Discrepancy of the Keplerian speed by a factor when calculated with different methods I needed to derive today the Keplerian speed for a circular motion in a gravitational field. Just for the hell of it I decided to derive it once via the forces and once via the energies and strangely there is a discrepancy by a factor of $\sqrt2$ !? I must have done something wrong, so please let me know. Here are my calculations, first via the forces:
$F_{rad} = F_g$
$\frac{mv^2}{r} = G \frac{Mm}{r^2}$
$\Rightarrow v = \sqrt{\frac{GM}{r}}$
All is in agreement with the Keplerian speed given in text books and wikipeadia. But let's see what happens when we derive the speed $v$ from the energies:
$E_{kin} = E_{g}$
$\frac{1}{2}mv^2 = G \frac{Mm}{r}$
$\Rightarrow v = \sqrt{\frac{2GM}{r}}$
Now unfortunately I have a discrepancy of $v$ from the known formula by $\sqrt2$. It seems that the discrepancy would be resolved if I apply the virial theorem $E_{kin} = \frac{1}{2}E_{pot}$. But I thought the virial theorem is only to be applied to systems with many particles. In the above equations, I am only observing the velocity $v$ of a test particle around a massive central mass with $M>>m$ in a Newtonian limit. So what am I misunderstanding here? Do I really need to use the virial theorem? What is the justification for that? Tnx
 A: The problem is that the for an orbit the kinetic energy is not equal to the potential energy.
To use conservation of energy you have to compare the energy of a system at two different instants in time.
One instant could be "the object is in a circular orbit", where
$$ E_k = \frac{1}{2}mv^2 \quad \mathrm{and} \quad E_p = -\frac{GMm}{r}$$
so
$$E_{tot} = E_k + E_p = \frac{1}{2}mv^2 - \frac{GMm}{r}.$$
We can think of this as the final state of our system.
But $E_{tot}$ is not equal to zero.  You'll need another point of reference, an initial state, where you can determine $E_{tot}$ and any work done to get from your initial state to the final orbit.

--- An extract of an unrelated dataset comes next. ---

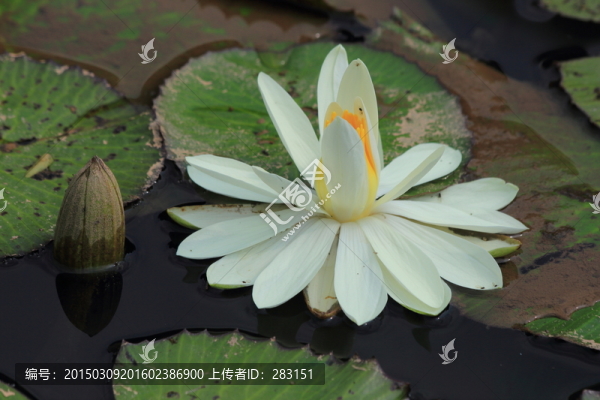 水中的仙子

Only then can you use conservation of energy to connect things.
$$E_i + W = E_f.$$
From the force perspective you can derive the relation between kinetic and potential energies of a circular orbit by substituting $E_k$ and $E_p$ into the second equation in your question.
Since $2E_k = -E_p$, we can see that the total energy of the orbiting state is negative.  This is because the system is in a bound state.
If you gave the system more energy so $E_{tot}\ge0$, you'd have an unbound state, where the orbiting body can fly off to infinite distance.
In your energy equations you implicitly solved for when $E_{tot} = 0$.
This would occur when $v\rightarrow 0$ and $r\rightarrow \infty$.
Your second solution considers the situation where the particle is a distance $r$ from the central mass and has speed $v$ at the initial point, and at the final point the particle has escaped to infinity:
$$ E_i = E_f $$
$$ \frac{1}{2}mv^2 - \frac{GMm}{r} = 0 $$
You found the escape velocity.
A: The orbital velocity in a circular orbit is $ \sqrt{\frac{G(M+m)}{r}} $.
The escape velocity of an orbit is $ \sqrt{\frac{2G(M+m)}{r}} $.